Панкратов задумался и пропустил первую фразу потерпевшего.
— Анна Тимофеевна,— говорит старик дрожащим голосом,— меня попросила выйти, в саду посидеть. Окно было открыто. Я слышал, они разговаривали, но о чем — не слышал. А когда Клятов работу кончил и уходил, мы с ним простились.
Старик говорит не очень разборчиво, но медленно. Секретарше не трудно его записывать. Теперь, когда она привыкла к его голосу, она разбирает каждое слово. В зале так тихо, будто, кроме Никитушкина, и нет никого.
Старик продолжает рассказ. Он переходит к страшной ночи седьмого сентября:
— Как раз часы пробили двенадцать. У нас часы с боем. Они точные. Мы их каждый день по радио проверяем. И вдруг звонок в дверь. Анна Тимофеевна говорит: наверное, телеграмма. Мы ждали от сына телеграмму о выезде. Ты, говорит, лежи, я открою. Надела халат и пошла. Вот (долгая пауза)… больше я ее (долгая пауза)… живой и не видел.

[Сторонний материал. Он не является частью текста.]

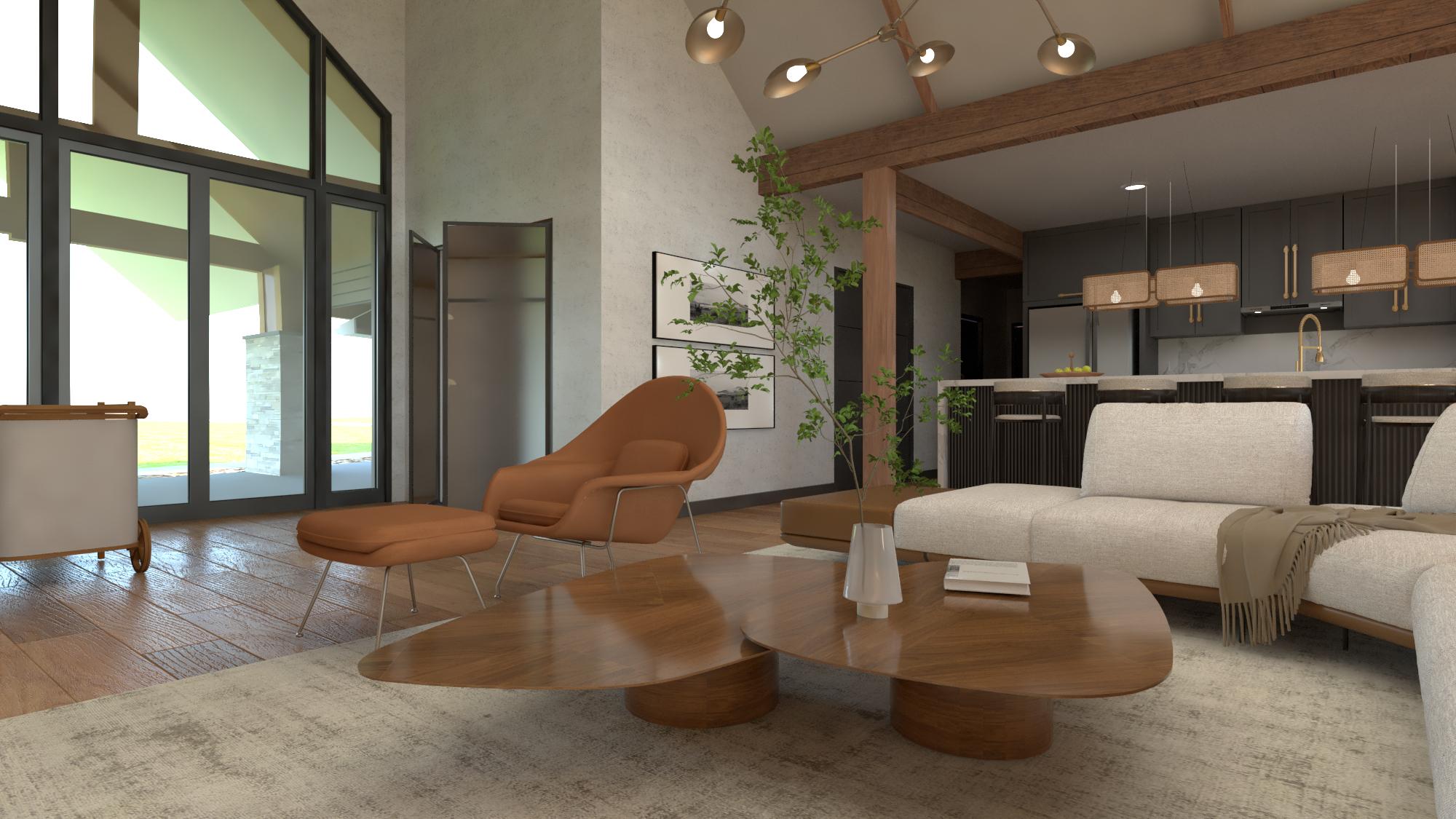 A modern living room with large windows, an open kitchen, and a comfortable seating arrangement with an orange chair and a wooden coffee table.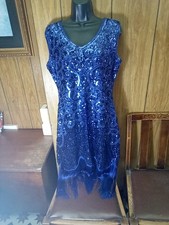 STUNNING FLATTERING STRETCHY SPARKLY SEQUIN FLAPPER DRESS SIZE 14 / 16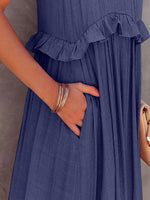 Load image into Gallery viewer, Ruffled Sleeveless Tiered Maxi Dress with Pockets – Effortless &amp; Chic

Бесконечно тянется пауза. Панкратов не торопит. У него у самого сжимается сердце от жалости к старику. Со скамей для публики видно, как вздрагивают у старика плечи. Он не может сдержаться. Сын подходит к нему, гладит его по плечу, что-то шепчет на ухо.
— Да, да, да,— говорит старик,— сейчас, сейчас.
Все-таки он еще долго молчит. Может быть, ему нужно дать капель? Панкратов хочет попросить солдата принести старику воды, но старик начинает говорить дальше, и голос его звучит размеренно и, как ни странно, спокойно:
— Ну, я услышал мужские голоса. Разные голоса. Думаю, странно, что телеграмму двое принесли. Потом будто бы голос Анны Тимофеевны, а слов не разбираю. Это она, наверное, испугалась и закричала. Я глуховат, сперва не понял. Я и не думал ничего такого. Все-таки надел халат. Решил пойти посмотреть. Тут резко так говорит мужской голос: «Дай ей, Петр, чтоб замолчала». И в сенях будто упало что-то. Я заторопился, вышел, смотрю: двое мужчин в сенях и Анна Тимофеевна лежит. Лица у мужчин платками завязаны. Ну, я к Анне Тимофеевне бросился. Смотрю, у нее на виске кровь и глаза закатились. Ну, я (опять долгая пауза)… посмотрел и вдруг понял: мертвая.
Сын стоит за спиной отца, поглаживает его по плечу. Старик справляется с собой.